Why Do My Hips Hurt When I Squat?

http://fitnesspainfree.com/why-do-my-hips-hurt-when-i-squat-femoral-acetabular-impingement-part-2/

 (Information taken from the above article)

Ok, Lets trouble shoot your squat…

Perfect Overhead squat form from the toes up:
1. Feet Flat – not excessively turned out
2. Knees over toes
3. Hips back with the hip crease below the top of the knee
4. Flat neutral spine
5.Upright torso
6. Externally rotated shoulders (“show your armpits”)
7. Arms locked out
8. Bar is directly over your center of mass

An overhead squat is a full body movement and requires multiple joint systems to work together to achieve perfect form. If there is a break down in any one of the 8 areas listed above, it can affect what goes on at your hips and other parts of your body. Your hips and spine are the foundation around which the rest of your body moves. Most people can’t even achieve a perfect overhead squat position without weight. When examining your overhead squat technique, start without any weight and videotape yourself from the front and the side. See if you can observe the 8 points listed above in your squat. If your missing any of the 8 points, now know where to start. Don’t get sloppy when you’re working on your squat. Use each rep to work on your proper technique throughout every work outs.

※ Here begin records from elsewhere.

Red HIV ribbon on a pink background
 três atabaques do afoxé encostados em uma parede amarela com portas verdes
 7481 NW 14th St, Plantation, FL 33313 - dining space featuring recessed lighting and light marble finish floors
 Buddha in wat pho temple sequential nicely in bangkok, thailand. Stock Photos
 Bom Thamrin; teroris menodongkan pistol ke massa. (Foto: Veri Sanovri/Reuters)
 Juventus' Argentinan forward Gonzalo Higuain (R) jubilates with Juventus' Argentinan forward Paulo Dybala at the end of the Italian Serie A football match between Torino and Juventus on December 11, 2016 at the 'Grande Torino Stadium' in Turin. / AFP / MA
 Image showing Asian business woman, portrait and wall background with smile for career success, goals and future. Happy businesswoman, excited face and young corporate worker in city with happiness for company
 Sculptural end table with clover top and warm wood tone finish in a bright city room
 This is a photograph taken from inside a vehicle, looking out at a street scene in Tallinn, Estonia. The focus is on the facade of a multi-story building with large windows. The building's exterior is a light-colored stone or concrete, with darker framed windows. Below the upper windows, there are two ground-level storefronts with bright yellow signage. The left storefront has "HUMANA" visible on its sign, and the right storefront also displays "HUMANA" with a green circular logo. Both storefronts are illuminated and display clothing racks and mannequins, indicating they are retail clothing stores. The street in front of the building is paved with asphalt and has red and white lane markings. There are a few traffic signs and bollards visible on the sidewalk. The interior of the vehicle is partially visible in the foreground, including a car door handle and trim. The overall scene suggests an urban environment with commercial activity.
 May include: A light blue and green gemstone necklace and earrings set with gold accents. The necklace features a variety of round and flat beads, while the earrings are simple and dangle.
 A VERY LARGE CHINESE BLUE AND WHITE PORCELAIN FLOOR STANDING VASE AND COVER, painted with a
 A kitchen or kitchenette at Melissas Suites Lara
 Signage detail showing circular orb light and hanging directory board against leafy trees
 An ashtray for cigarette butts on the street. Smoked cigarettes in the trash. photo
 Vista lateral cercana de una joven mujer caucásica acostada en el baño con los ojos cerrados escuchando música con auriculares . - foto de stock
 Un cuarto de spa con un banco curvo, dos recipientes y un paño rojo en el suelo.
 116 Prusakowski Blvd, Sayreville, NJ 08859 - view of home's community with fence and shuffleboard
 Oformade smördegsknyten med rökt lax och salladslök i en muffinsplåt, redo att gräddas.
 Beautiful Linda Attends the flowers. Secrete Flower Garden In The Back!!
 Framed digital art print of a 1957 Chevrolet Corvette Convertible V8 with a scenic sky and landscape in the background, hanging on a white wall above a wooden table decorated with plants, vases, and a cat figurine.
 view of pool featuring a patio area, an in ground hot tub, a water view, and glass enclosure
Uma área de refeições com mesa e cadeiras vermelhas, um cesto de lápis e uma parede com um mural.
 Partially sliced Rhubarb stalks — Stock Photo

Here are tips to work on for each of the listed above areas to help perfect your squat:
-Foot – Train to maintain a short foot position (See video clip in article)
-Ankle- Mobilize it
-Knee – keep it over the toe when squatting
-Hips – strengthen and stretch the hip external rotators (glutes)

-Lumbar spine – learn to move from the hips and keep your spine in neutral during a squat
-Thoracic spine – mobilize into extension and strengthen to keep torso upright
-Shoulders- mobilize and train scapular retraction and shoulder external rotation

If you’re having hip pain during your squat, grab a coach next time you’re at the gym and ask them to watch your overhead squat for identification of areas where you might have deficits. Ask a coach if you’re unsure of ways to mobilize, fix or strengthen specific areas. Also, check out the videos and links embedded throughout the article for demonstrations and new training techniques to add to your everyday mobility and strengthening programs that address the above tips.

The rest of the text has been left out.